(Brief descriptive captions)
####
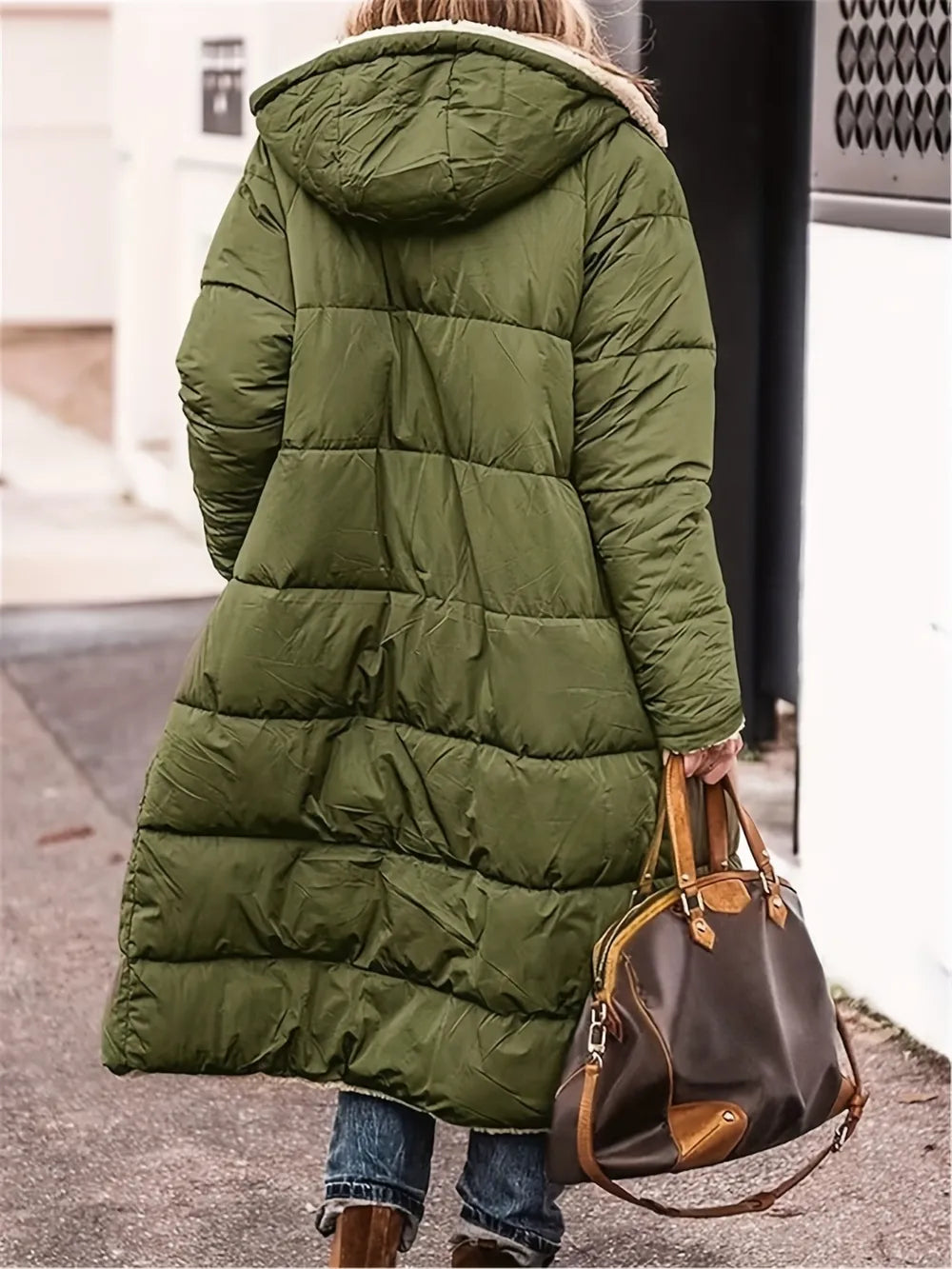 Woman wearing an olive green zip-up sherpa hooded coat, carrying a brown handbag, on a city street.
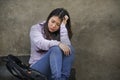 Depressed Asian Korean student woman or bullied teenager sitting outdoors on street staircase overwhelmed and anxious feeling Royalty Free Stock Photo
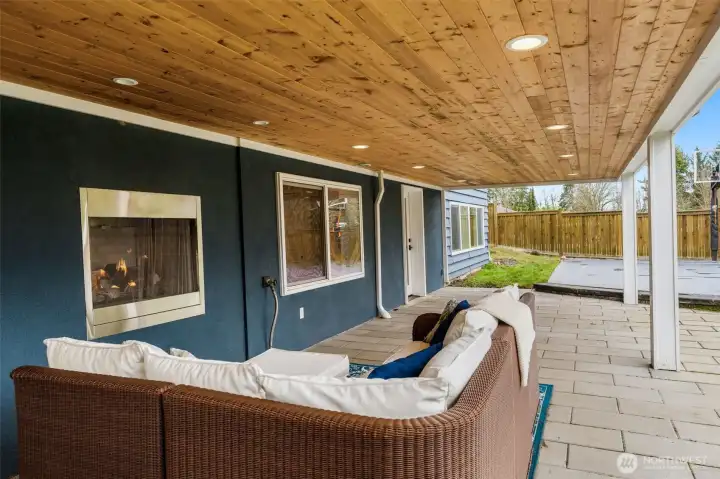 Covered Patio with your third(!) gas fireplace. There's also a very large storage room behind the fireplace- door is to the left, out of view in the photo.
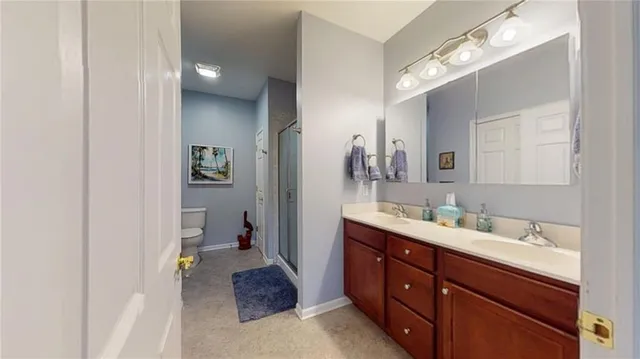 a en suite bathroom with a double vanity sink and a mirror
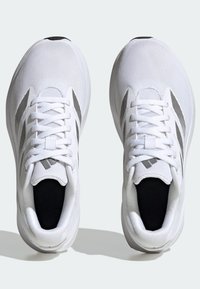 Baskets de sport blanches avec une tige en maille, fermeture à lacets et accents gris contrastants. Elles disposent d'une semelle rembourrée et d'un col rembourré.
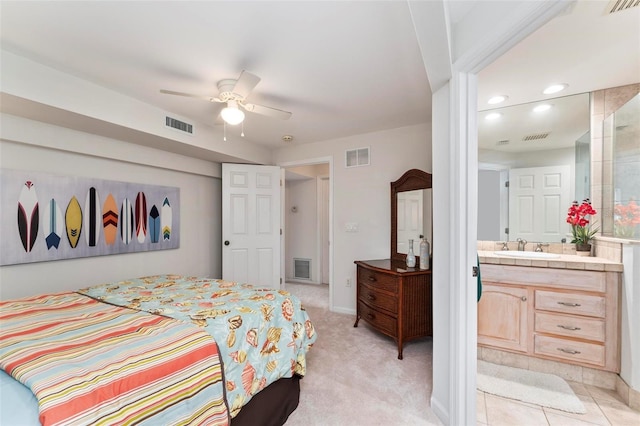 bedroom featuring ensuite bathroom, sink, ceiling fan, and light carpet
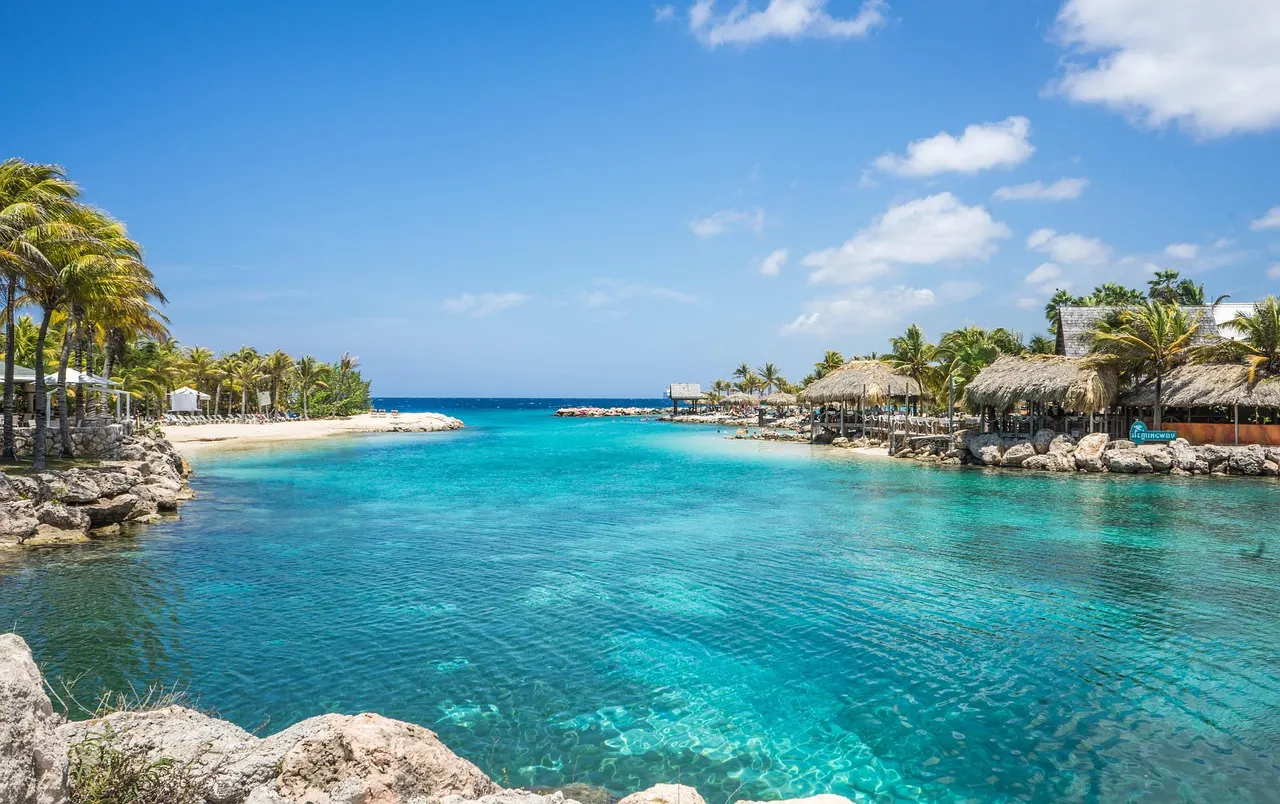 Turquoise lagune met palmbomen, strand en rieten parasols aan de kust bij Mambo Beach op Curaçao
####
(WHAT THE EXERCISE ASKS) Please copy the records above word for word, leaving out every picture.

(RESPONSE TO THE EXERCISE)
 Woman wearing an olive green zip-up sherpa hooded coat, carrying a brown handbag, on a city street.
 Depressed Asian Korean student woman or bullied teenager sitting outdoors on street staircase overwhelmed and anxious feeling Royalty Free Stock Photo
 Covered Patio with your third(!) gas fireplace. There's also a very large storage room behind the fireplace- door is to the left, out of view in the photo.
 a en suite bathroom with a double vanity sink and a mirror
 Baskets de sport blanches avec une tige en maille, fermeture à lacets et accents gris contrastants. Elles disposent d'une semelle rembourrée et d'un col rembourré.
 bedroom featuring ensuite bathroom, sink, ceiling fan, and light carpet
 Turquoise lagune met palmbomen, strand en rieten parasols aan de kust bij Mambo Beach op Curaçao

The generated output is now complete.